In the movie “The Hunger Games: Catching Fire,” game managers cause a man-made island to spin around, disorienting contestants and forcing them to recalibrate their actions. The U.S. government just did the same thing to taxpayers with the Tax Cuts and Jobs Act (TCJA), which changes many familiar rules related to deductions and can affect the way you account for charitable donations.

If you aren’t prepared, you could end up paying more tax than necessary. In this post, we’ll review a few simple rules about deductions, then look at the new law’s impact on charitable donations and discuss how to navigate in the new environment.

You already know the basics of deductions. When we compute our taxable income, we subtract either our itemized deductions or the standard deduction, whichever is greater. Common itemized deductions include the interest we pay on our home mortgage, our property taxes, our charitable contributions, and a few other expenses.

Two significant changes in the TCJA are likely to cause the number of taxpayers who itemize to drop from about 30 percent to below 10 percent. That’s because some of the expenses we have historically included in our itemized deductions are no longer allowed, including:

  • State and local taxes (state income taxes and general sales taxes)
  • Interest on home equity loans
  • Certain job expenses
  • Tax preparation fees
  • Investment fees and expenses

This is not a complete list, but already you can see that for many of us, the total of itemized deductions is going to be lower than it has been in previous years.

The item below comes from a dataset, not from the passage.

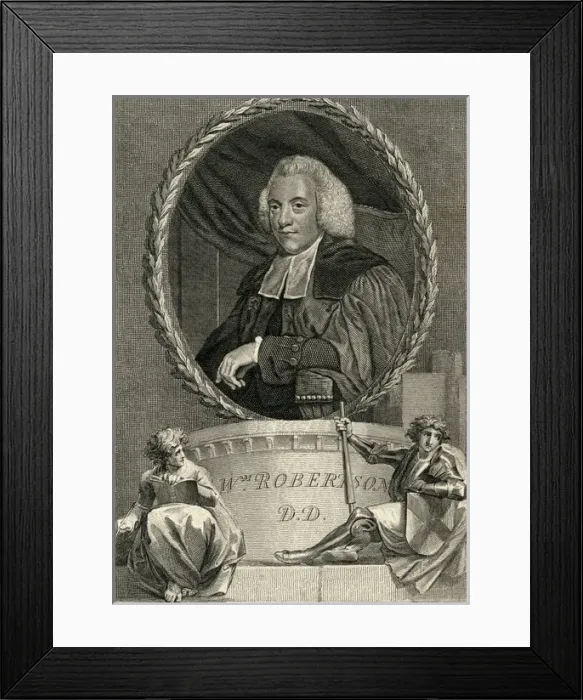 Framed Print : W Robertson / Reynolds Framed Print : W Robertson / Reynolds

At the same time, the standard deduction is going way up. For the 2017 tax year, it is $12,700 for a joint return or $6,350 for an individual return. But in 2018, it will rise to $24,000 for a joint return or $12,000 for a single return.

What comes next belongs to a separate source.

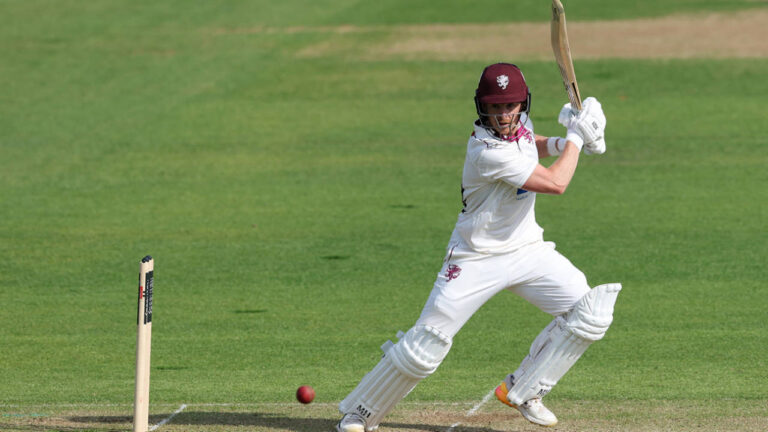 Somerset Reclaim Control on Day 3 Against Glamorgan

The combination of these two changes means that for many taxpayers, the total of itemized deductions will now be lower than their standard deduction; therefore they will stop itemizing and switch to the standard deduction.

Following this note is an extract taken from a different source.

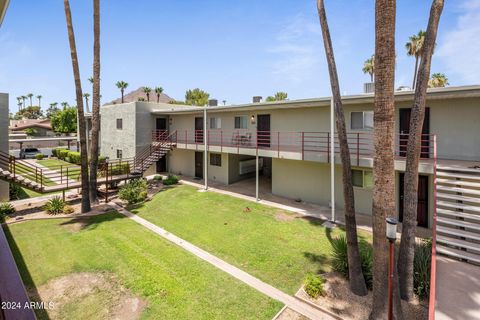 A home in Scottsdale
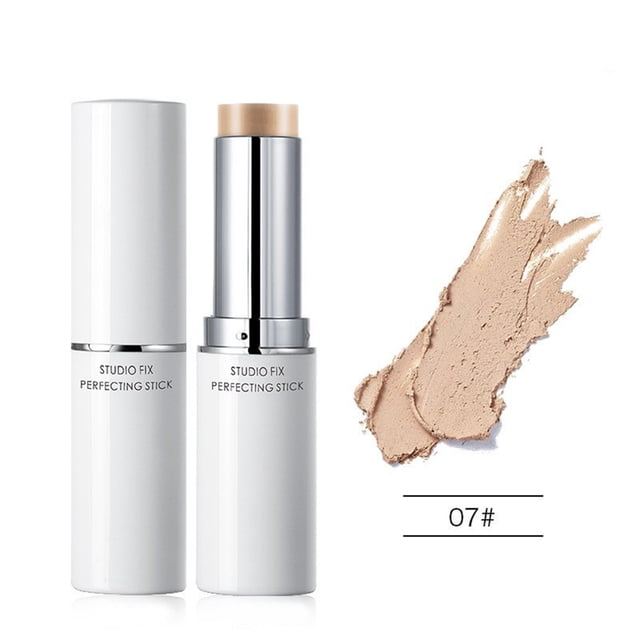 SIfdSeng 18 Color Contouring Stick Setting Highlighter Stick Foreign Trade Cover Dark Circles Mark Foundation Stick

But the impact doesn’t end there. We need to look at how the new law affects the deductibility of our charitable contributions.

If we have charitable gifts, whether they’re for $100 or $10,000, we add them to our other deductible expenses, and if the total exceeds the standard deduction, we deduct them.  The after-tax cost of our gifts will be 100 percent minus our marginal tax rate. It’s a fabulous system—we get to help out the charities we like and the U.S. government subsidizes our generosity.

But what if the total of our itemized deductions, including our charitable contributions, is less than the standard deduction?  Then we don’t get any subsidy for our gifts.

That’s probably not a big issue for those who give a few hundred dollars each year. It’s also not a problem for those who give tens of thousands of dollars a year, since they likely will have enough deductible expenses to make itemization worthwhile.

But what about those of us who give, say, $5,000? When we add this amount to our other deductible expenses, we may come up just short of the standard deduction. Is there any way we can get a subsidy?

Yes, there is.  It is called “charitable clumping” (or sometimes “charitable stacking” or “charitable lumping.”) Instead of giving $5,000 a year to a charity every year for five years, you can give $25,000 in a single year.  That takes you over the standard deduction amount, providing a subsidy for your giving.

I know what you’re thinking:   “Great—I give a big donation to my favorite charity to cover five or 10 years, then they think I have stepped up my giving and the ‘asks’ go into overdrive.”

Well, that could happen. But fortunately, there’s another way to lump your giving into a single year, yet meter out the donations over a longer timeframe without causing any misunderstanding of your intentions. You can do that with a donor-advised fund.

Charles Schwab and Fidelity run two of the nation’s biggest donor-advised funds.  You can donate to them using cash, or better yet, appreciated mutual funds or stocks.  You get a charitable deduction when you contribute the money to the fund.  You can also choose how the money is invested and give as little or as much as you want over whatever time period you choose.

By making a significant one-time contribution to a donor-advised fund, you will receive the government subsidy for your charitable giving. For the years in which you do not give to the donor-advised fund, if your itemized deductions don’t pencil out, just use the new, much larger standard deduction.